IANA IPv4 Endgame Arrives

To borrow terminology, the IPv4 middlegame has ended from the perspective of the IANA. Officially, APNIC received two /8s on January 31 (or February 1, depending where you are. I’m in North America so January 31 it is). That leaves the IANA free pool at five /8s which are already spoken for as the result of a coordinated global policy which allocates one /8 to each RIR when the free pool reaches the number of RIRs, which happens to be five. We will very likely see the announcement of the allocation of the final five /8s very soon. That puts IANA into the endgame scenario for IPv4. No matter how much need or justification or other metric there is for a new allocation, there is nothing left to allocate.

The middlegame has not yet passed for the RIRs, however. They will continue allocating IPv4 addresses per their local policies until their own free pools is depleted according to whatever metric has been defined by their own policy processes.

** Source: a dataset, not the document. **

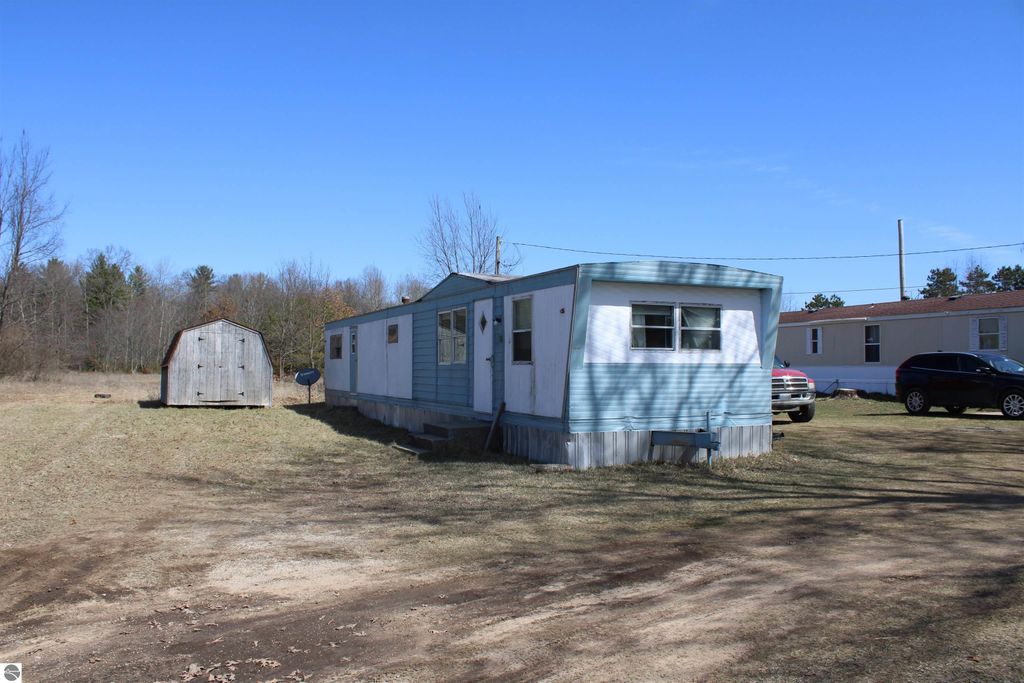 Photo of 20122 Hayes Road, Big Rapids, MI 49307 (MLS # 1933144)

When each one reaches endgame will depend on demand and local policies in its respective region. What seems certain is that at least one RIR will reach endgame during 2011 and it is likely that most will.

What does this endgame scenario mean, though. Well, it means there is no longer a business case for delaying deployment of IPv6. If you run an Internet hosting or provision business and you have access to IPv6 service, you should be asking yourself why you have not already enabled IPv6 on your network. If you are in the same pickle that my day job is in, where none of your network providers is supporting IPv6, have you been hounding them to support it? Will you be ready to enable IPv6 when it is available from at least one of your providers?

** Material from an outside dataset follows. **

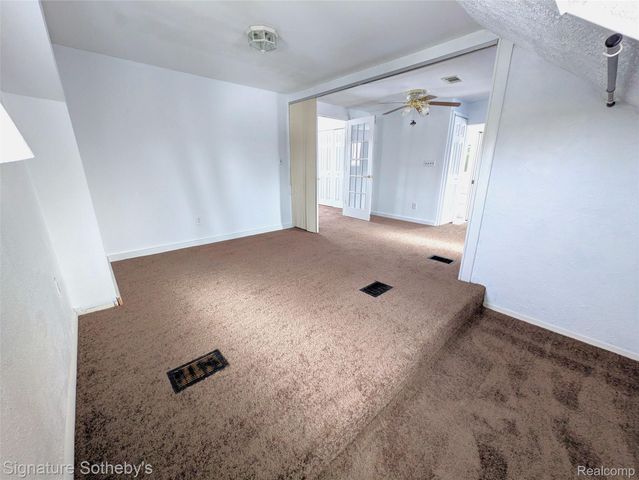 4205 Kendall Road, Warren, MI 48091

In the near term, there is likely to be much pain for Internet providers, possibly more for eyeball networks than for hosting networks, but there will be pain on all fronts.  In the medium term, or, optimistically, in the late near term, IPv6 will make a substantial penetration on the Internet and IPv4 will start waning in relevance. Alas, there is no reason to be optimistic. Long term, IPv4 will either reach a steady state in the background, or will actually start being abandoned in favour of IPv6 when it becomes clear that the cost of running multiple protocols is no longer justifiable from a business perspective. At that stage, addresses will likely start being returned to RIRs, and the IPv4 middlegame state will resume and likely continue in perpetuity thereafter.

All I know for certain about the IPv4 endgame and the transition from IPv6 opening to middlegame is that at my day job it will take at most a week, or maybe two depending on other time pressure, to enable IPv6 across the network once our upstream providers (Hello? AS701 and AS852? You there?) get with the program.

If you’re one of the millions of poor schmucks who just use the Internet, expect it to become somewhat more fragile than you are used to in the near term and pray IPv6 transitions to middlegame quickly.